**EXERCISE INSTRUCTIONS**:
Given these entries, repeat exactly the lines starting with the one that has "OSMANLI DÖNEMİ 33 LÜ MİSKEVİ BAĞA TESBİH" and going on through the one that has "STAR WARS: THE CLONE WARS DARTH MAUL 1/6", both included, but none of the pictures.

**DATASET**:
____

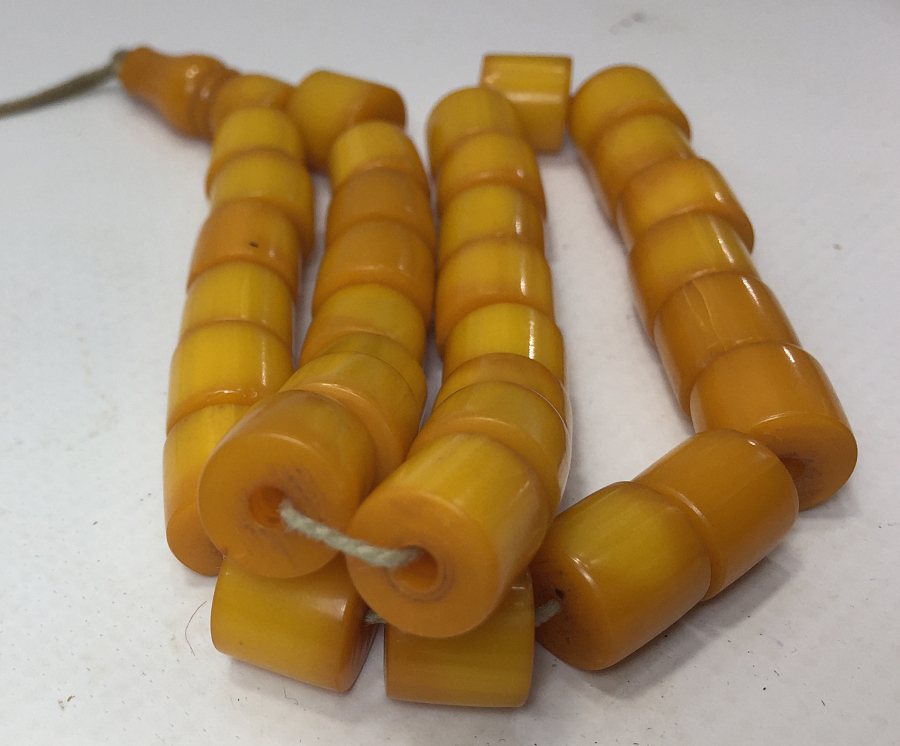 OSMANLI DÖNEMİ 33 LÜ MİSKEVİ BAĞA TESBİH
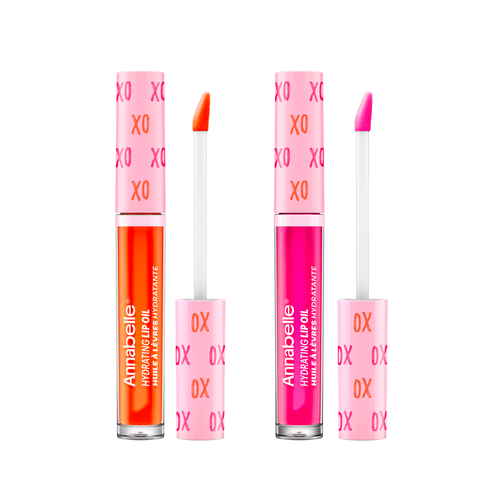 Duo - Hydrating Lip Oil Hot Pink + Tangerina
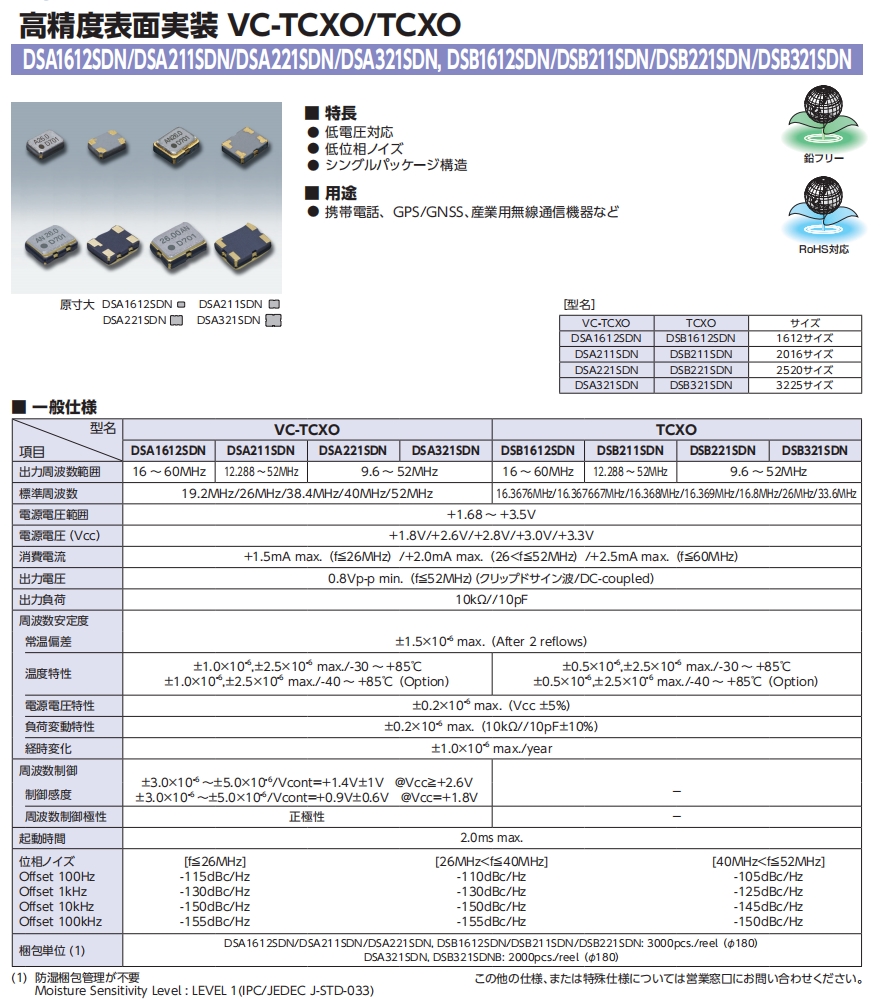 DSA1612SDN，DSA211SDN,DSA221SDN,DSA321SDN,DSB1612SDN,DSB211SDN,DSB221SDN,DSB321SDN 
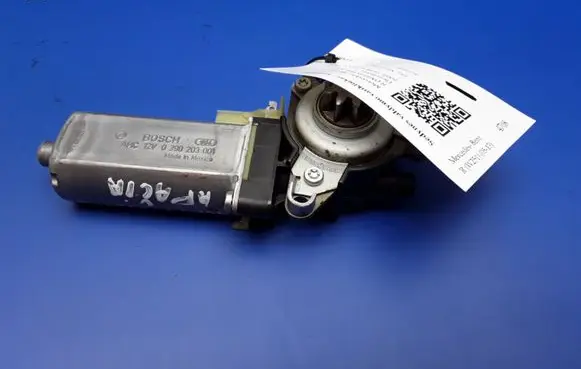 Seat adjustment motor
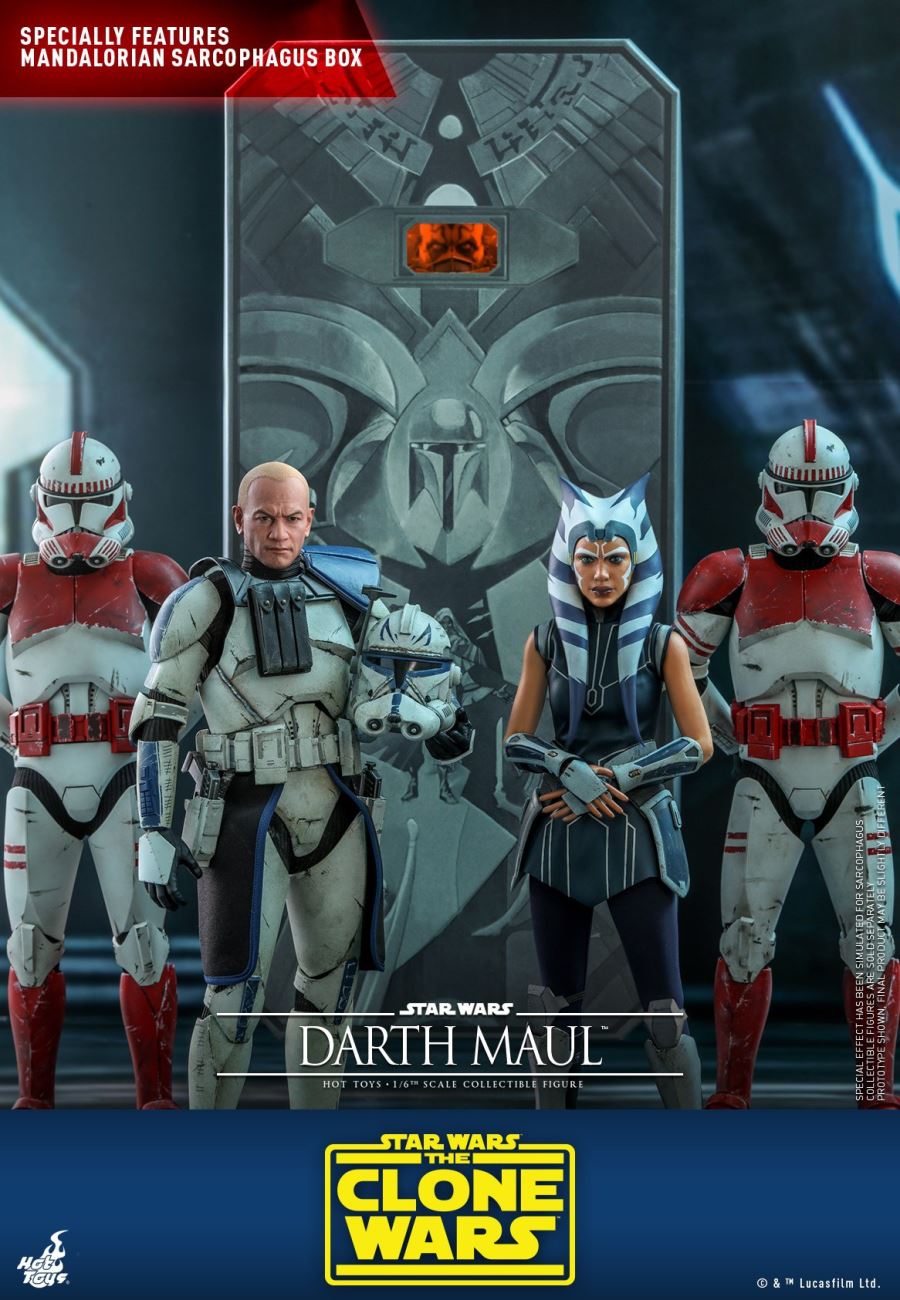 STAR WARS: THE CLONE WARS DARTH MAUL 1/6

____

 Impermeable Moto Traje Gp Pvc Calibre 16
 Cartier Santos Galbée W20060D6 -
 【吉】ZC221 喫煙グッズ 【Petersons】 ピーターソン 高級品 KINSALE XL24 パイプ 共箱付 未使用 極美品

____

**YOUR RESPONSE**:
 OSMANLI DÖNEMİ 33 LÜ MİSKEVİ BAĞA TESBİH
 Duo - Hydrating Lip Oil Hot Pink + Tangerina
 DSA1612SDN，DSA211SDN,DSA221SDN,DSA321SDN,DSB1612SDN,DSB211SDN,DSB221SDN,DSB321SDN 
 Seat adjustment motor
 STAR WARS: THE CLONE WARS DARTH MAUL 1/6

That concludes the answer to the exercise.